It is good that cloud providers test for disaster, but it’s bad when it causes downtime.
RCA – Storage Related Incident – North Europe
Summary of impact: Between 13:27 and 20:15 UTC on 29 Sep 2017, a subset of customers in North Europe may have experienced difficulties connecting to or managing resources hosted in this region due to availability loss of a storage scale unit. Services that depend on the impacted storage resources in this region that may have seen impact are Virtual Machines, Cloud Services, Azure Backup, App Services\Web Apps, Azure Cache, Azure Monitor, Azure Functions, Time Series Insights, Stream Analytics, HDInsight, Data Factory and Azure Scheduler, Azure Site Recovery.
Customer impact: A portion of storage resources were unavailable resulting in dependent Virtual Machines shutting down to ensure data durability. Some Azure Backup vaults were not available for the duration resulting in backup and restore operation failures. Azure Site Recovery may not be able to failover to latest recovery points or replicate VMs. HDInsight, Azure Scheduler and Functions may have experienced service management and job failure where resources were dependent on the impacted storage scale unit. Azure Monitor and Data Factory may have seen latency and errors in pipelines that have dependencies in this scale unit. Azure Stream Analytics jobs stopped processing input and/or producing output for several minutes. Azure Media Services saw failures & latency for streaming requests, uploads, and encoding.

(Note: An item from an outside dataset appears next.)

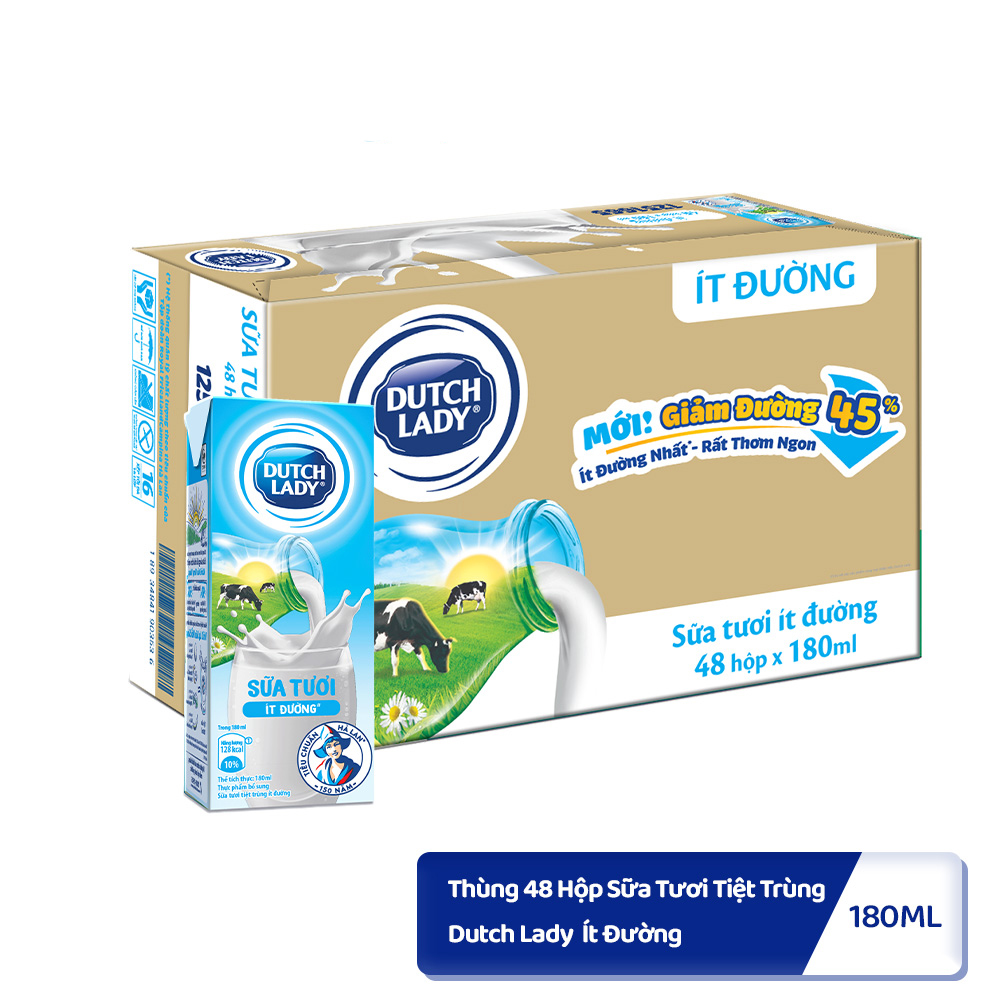 Thùng 48 Hộp Sữa Tươi Tiệt Trùng Dutch Lady Cô Gái Hà Lan ít đường 180ml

Workaround: Implementation of Virtual Machines in Availability Sets with Managed Disks would have provided resiliency against significant service impact for VM based workloads.
Root cause and mitigation: During a routine periodic fire suppression system maintenance, an unexpected release of inert fire suppression agent occurred. When suppression was triggered, it initiated the automatic shutdown of Air Handler Units (AHU) as designed for containment and safety. While conditions in the data center were being reaffirmed and AHUs were being restarted, the ambient temperature in isolated areas of the impacted suppression zone rose above normal operational parameters. Some systems in the impacted zone performed auto shutdowns or reboots triggered by internal thermal health monitoring to prevent overheating of those systems. The triggering of inert fire suppression was immediately known, and in the following 35 minutes, all AHUs were recovered and ambient temperatures had returned to normal operational levels. Facility power was not impacted during the event. All systems have been restored to full operational conditions and further system maintenance has been suspended pending investigation of the unexpected agent release. Due to the nature of the above event and variance in thermal conditions in isolated areas of the impacted suppression zone, some servers and storage resources did not shutdown in a controlled manner. As a result, additional time was required to troubleshoot and recover the impacted resources. Once the scale unit reached the required number of operational nodes, customers would have seen gradual, but consistent improvement until fully mitigated at 20:15 UTC when storage and dependent services were able to fully recover.
Next steps: We sincerely apologize for the impact to affected customers. We are continuously taking steps to improve the Microsoft Azure Platform and our processes to help ensure such incidents do not occur in the future. In this case, this includes (but is not limited to): Suppression system maintenance analysis continues with facility engineers to identify the cause of the unexpected agent release, and to mitigate risk of recurrence. Engineering continues to investigate the failure conditions and recovery time improvements for storage resources in this scenario. As important investigation and analysis are ongoing, an additional update to this RCA will be provided before Friday, 10/13.